その後、前記シックハウス防止フィルム1の前記吸着層14が形成されていない前記被貼着部15に、図2Cの実線で示す次のシックハウス防止フィルム1の剥離紙13(図2A)を剥がしながら、前記貼付済のシックハウス防止フィルム1の被貼着部15に次のシックハウス防止フィルム1の粘着層12を貼着させる。同時に、次のシックハウス防止フィルム1の他方の粘着層12は床面4に貼着させ、当該次のシックハウス防止フィルム1を所定の長さにカットする。

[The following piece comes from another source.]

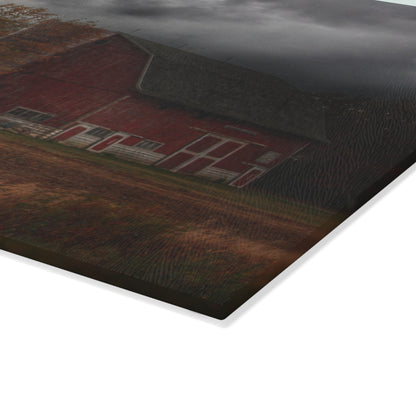 U R There Photography Hinson Road Red Rustic Farmhouse Tempered-Glass Cutting Board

貼付済のシックハウス防止フィルム1に次のシックハウス防止フィルム1を貼付する作業を繰り返しながら、図3に示すように、床面4に、隣り合うシックハウス防止フィルム1の側縁部S1,S2同士が重なるように貼着し、床面4全面にシックハウス防止フィルム1を配置する。
図2Cに示す前記床面4全体にシックハウス防止フィルム1を貼付した後、シックハウス防止フィルム1の上から畳5やカーペットなどを配置する。
図4Aおよび図4Bは実施例2を示す。
図4Aに示すように、シックハウス防止フィルム1Aは、樹脂フィルム10を備えており、該樹脂フィルム10の第1面(図4Bの天井(壁)2または床面4に接する面)F1の全面には、気体の通過を阻止する金属製の蒸着膜11が形成されている。

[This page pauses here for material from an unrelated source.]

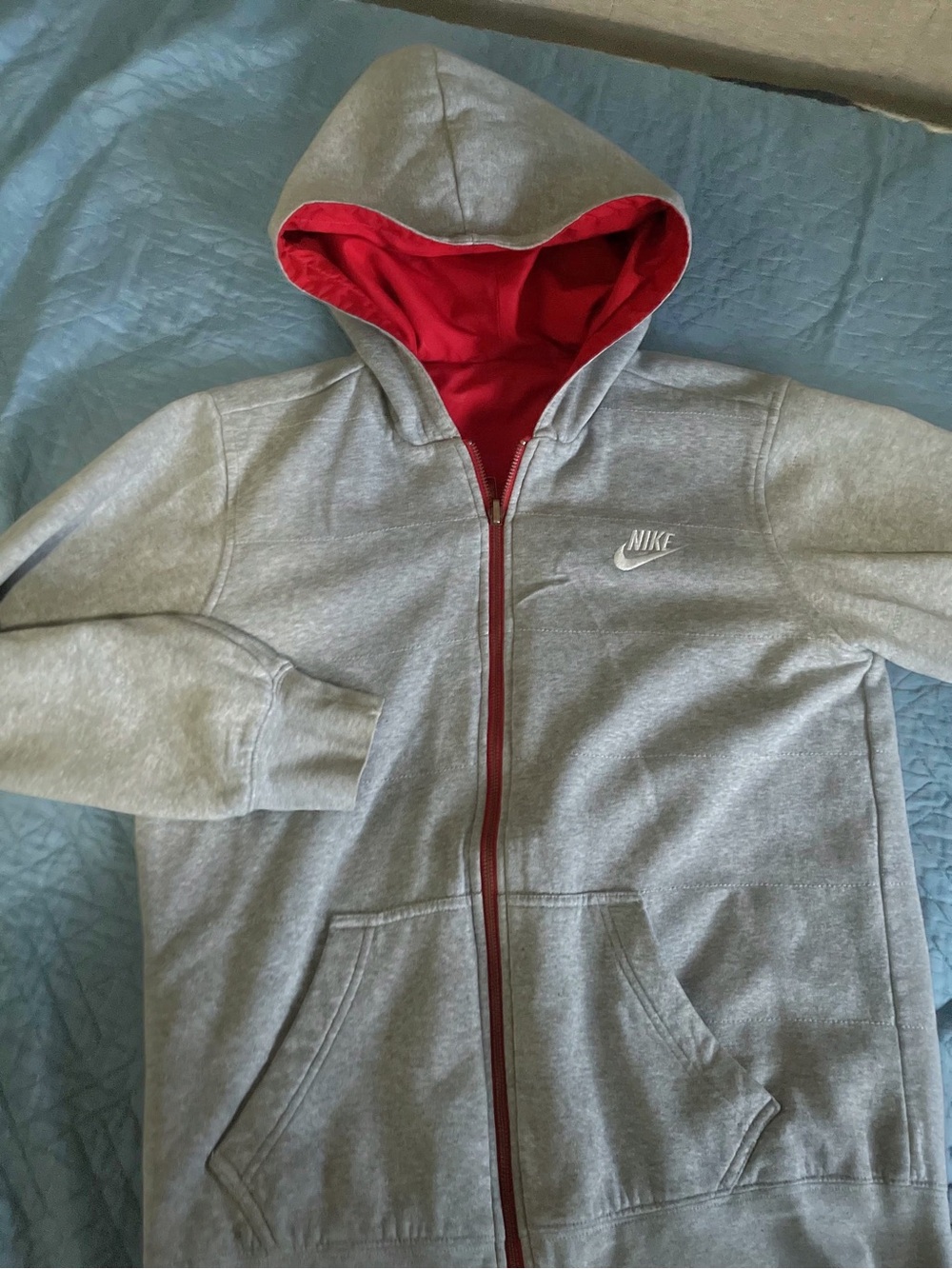 Nike men reversible Gray Full-Zip Hoodie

一方、前記樹脂フィルム10における第1面F1とは反対側の第2面F2には、たとえば、炭粉からなる吸着層14が形成されている。前記吸着層14は、フィルムFの長手方向X(図1)に沿った両端の側縁部S1,S2を除く概ね全面に形成されている。前記両側縁部S1,S2、すなわち、第2面F2の吸着層14が形成されていない残部には、粘着層12が形成されている。前記粘着層12には、樹脂フィルム10とは反対側の面に剥離紙13が貼付されている。

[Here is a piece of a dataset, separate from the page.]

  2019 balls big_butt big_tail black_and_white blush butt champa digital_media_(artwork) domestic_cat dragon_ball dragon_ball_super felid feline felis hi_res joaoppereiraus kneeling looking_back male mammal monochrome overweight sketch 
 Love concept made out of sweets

その他の構成は、実施例1と同様であり、同一部分または相当部分に同一符号を付してその説明を省略する。
施工方法:
図4Aのシックハウス防止フィルム1Aを、図4Bに示す天井(壁)2または床面4に施工するには、まず、シックハウス防止フィルム1の剥離紙13(図4A)を剥がしながら、図4Bの左側の二点鎖線で示すように、シックハウス防止フィルム1Aを吸着層14が形成された第2面F2が天井(壁)2または床面4側になるように該天井(壁)2や床面4に貼付し、所定の長さにカットする。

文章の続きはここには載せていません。